On Nov. 1, 2015, Starbucks Coffee released their new holiday cups for the season. Instead of the cups being decorated with holiday symbols like reindeer and sleighs, the company opted for simpler design this year of two-toned red. Some see this change by Starbucks as offensive or “anti-Christmas.”
There has been quite a bit of cultural controversy over these annual cups that have become somewhat of a tradition since 1997. Before this year’s holiday season, the cups always featured wintery or general holiday designs representative of the season, but those designs have become more simplified in recent years.
Some critics of this decision for simplification have argued that it is Starbucks’ way of “waging war” on Christmas. Some in religious circles mostly fundamentalists and evangelicals, have taken it as the company secularizing the holiday, and self-defined “social media personality and evangelist” Joshua Feuerstein is no exception.
Feuerstein criticized Starbucks in a video posted to Facebook on Nov. 5 that has had over 15 million views and been a large source of controversy. In his video, Feuerstein claimed that Starbucks took the designs off their cups “because they hate Jesus” and are trying too hard to be politically correct.
Although he claims that Starbucks is taking Christmas out of the holidays, they currently sell a “Christmas Blend” coffee, “Merry Christmas” gift card, and a Holiday Advent calendar. Starbucks has never claimed to be a Christian based company, but they still include elements of the holiday in their merchandise.

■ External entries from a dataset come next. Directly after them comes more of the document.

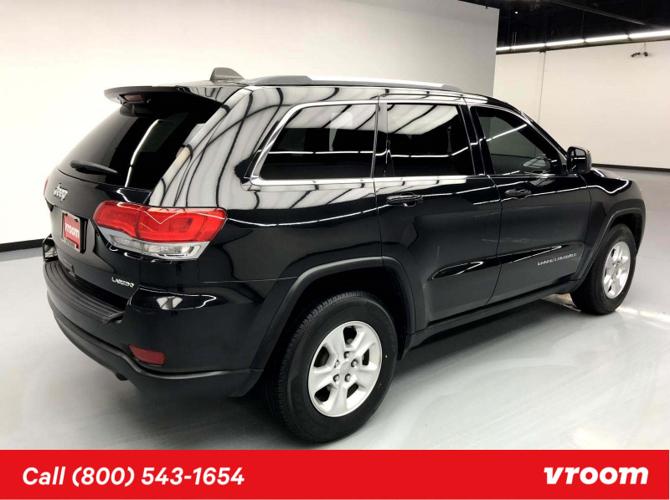 used 2016 jeep grand cherokee 2wd laredo charlotte, nc 28228 for sale in charlotte, north carolina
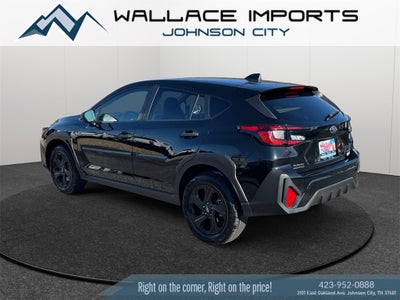 2024 Subaru Crosstrek Base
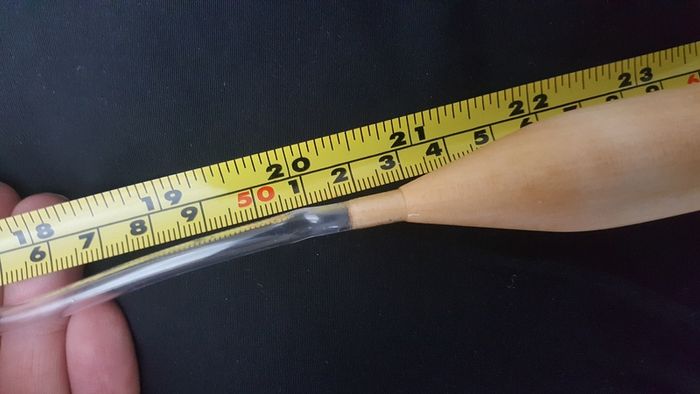 Jumbo 15mm 20mm 25mm Wooden Circular Needles 1pc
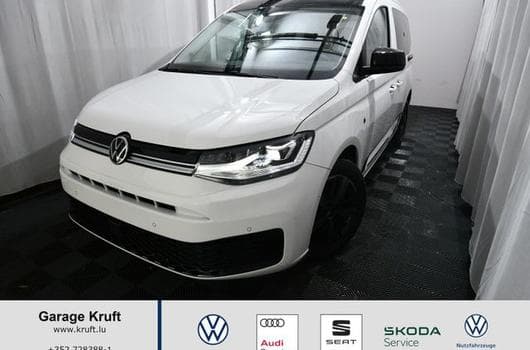 VW Caddy Caddy Life 2.0 TDI M6 4M - AHK, Kamera, Allwette (2026) - Photo 5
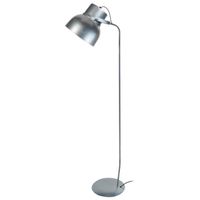 CLOCHE Lampadaire liseuse H150cm Aluminium CLOCHE Lampadaire liseuse H150cm Aluminium
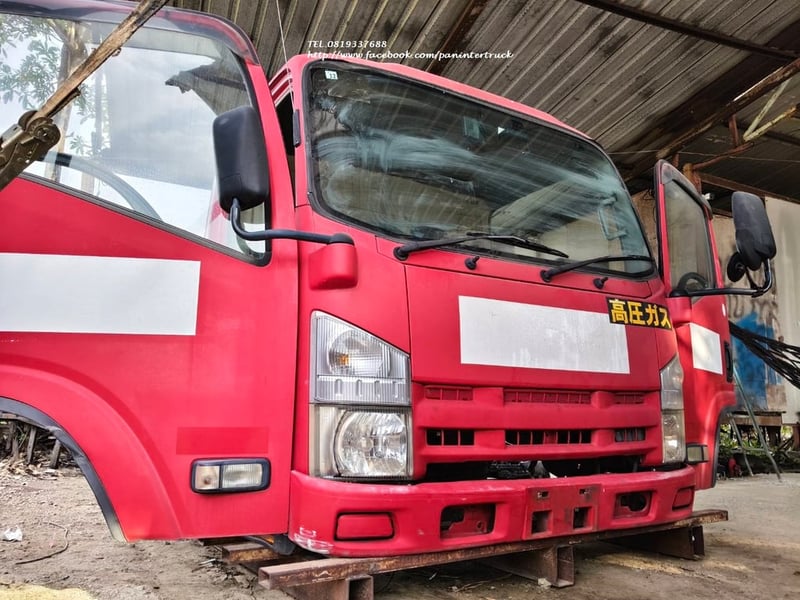 69,900  Uาท 💢 #NLR130 #หัวเก๋ง #หัวเก๋งรถบรรทุก FROM #JAPAN CABIN #ISUZU : #NKR #NMR #NLR85 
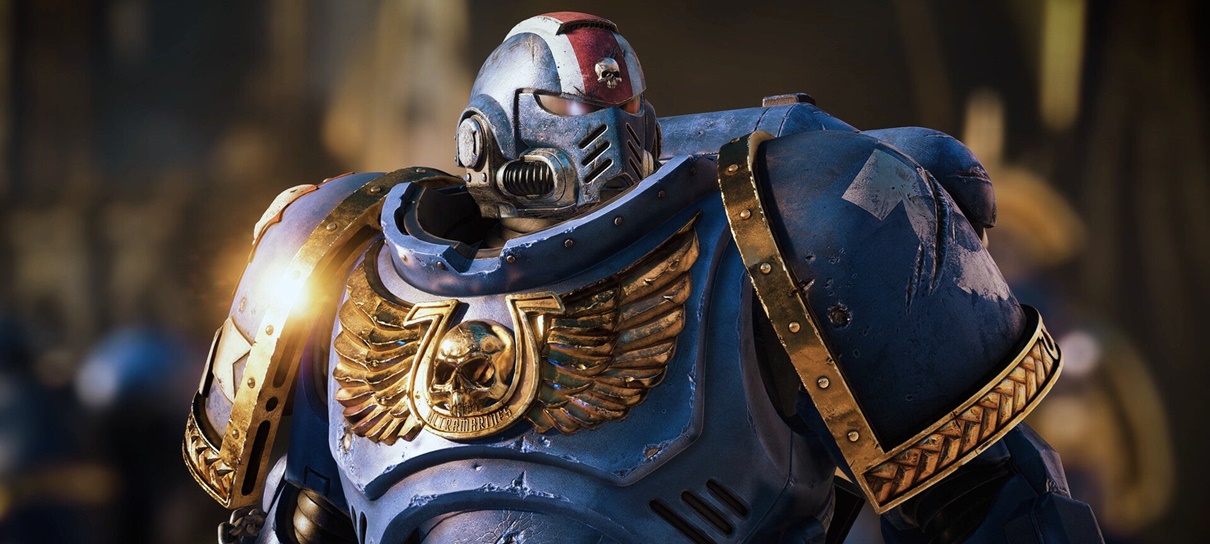 Warhammer 40,000: Space Marine 2 é adiado para final de 2024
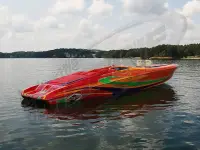 Outerlimits 51 Sport Yacht 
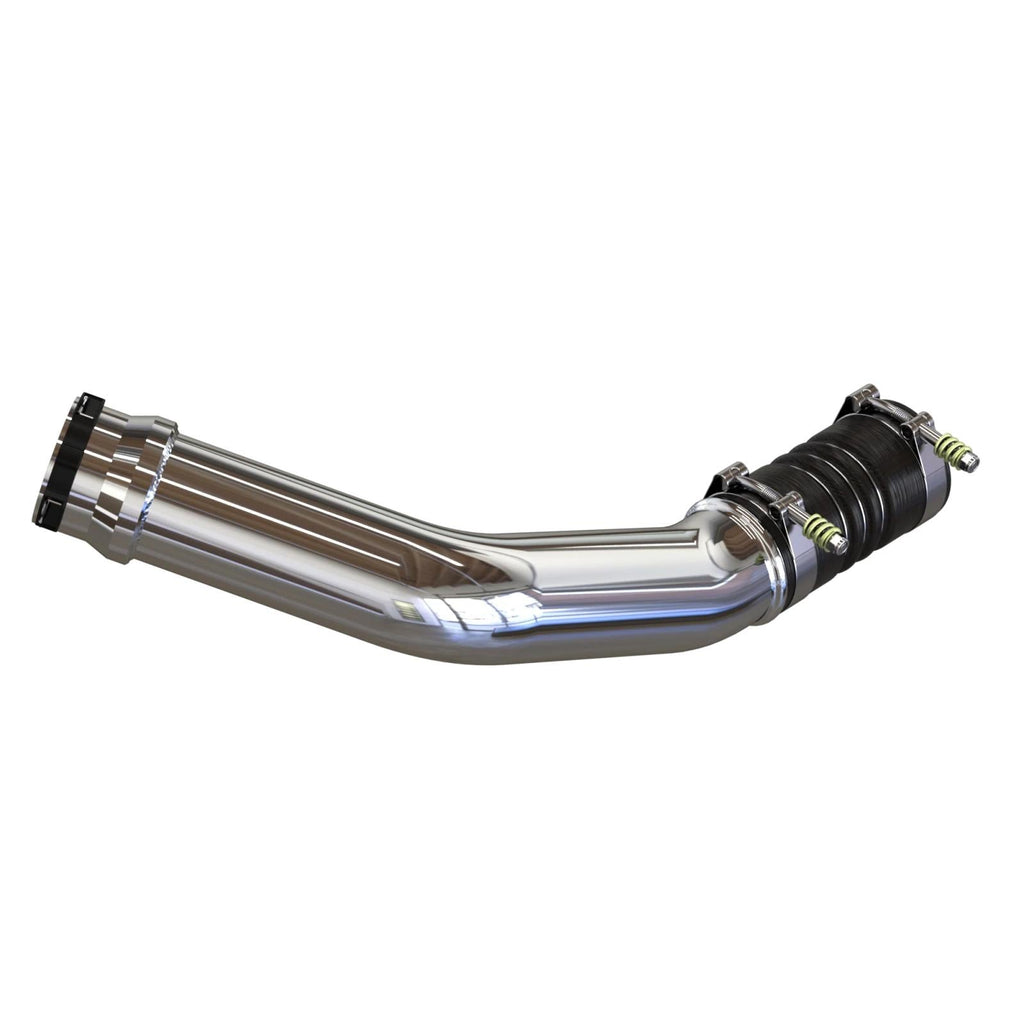 S&B Hot Side Intercooler Pipe for 2016-2026 Ford Powerstroke 6.7L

Feuerstein encouraged others to tell the barista their name is “Merry Christmas” in order to have them write it on the cup. He also started the hashtag #MERRYCHRISTMASSTARBUCKS to “start a movement” instead of boycotting the coffee, as he stated in his video.
Even though some have viewed Feuerstein’s video and chimed in to support, others have stepped in to criticize his claims or defend Starbucks. In a public statement, Starbucks explained its idea for the new design was to mimic a “blank canvas.”

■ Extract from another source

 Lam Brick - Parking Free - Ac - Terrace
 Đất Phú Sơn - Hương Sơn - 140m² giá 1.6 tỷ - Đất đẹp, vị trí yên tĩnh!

The company’s Vice President of Design and Content Jeffrey Fields said, “Creating a culture of belonging, inclusion, and diversity is one of the core values of Starbucks, and each year during the holidays the company aims to bring customers an experience that inspires the spirit of the season. Starbucks will continue to embrace and welcome customers from all backgrounds and religions in our stores around the world.”
Is Starbucks right to simplify the holiday design? Is it too “politically correct” to exclude symbols of the holiday, even if they are not inherently Christian? Or should they include symbols of holidays from different religions as well? Either way, these new, streamlined cups are here to stay for this year.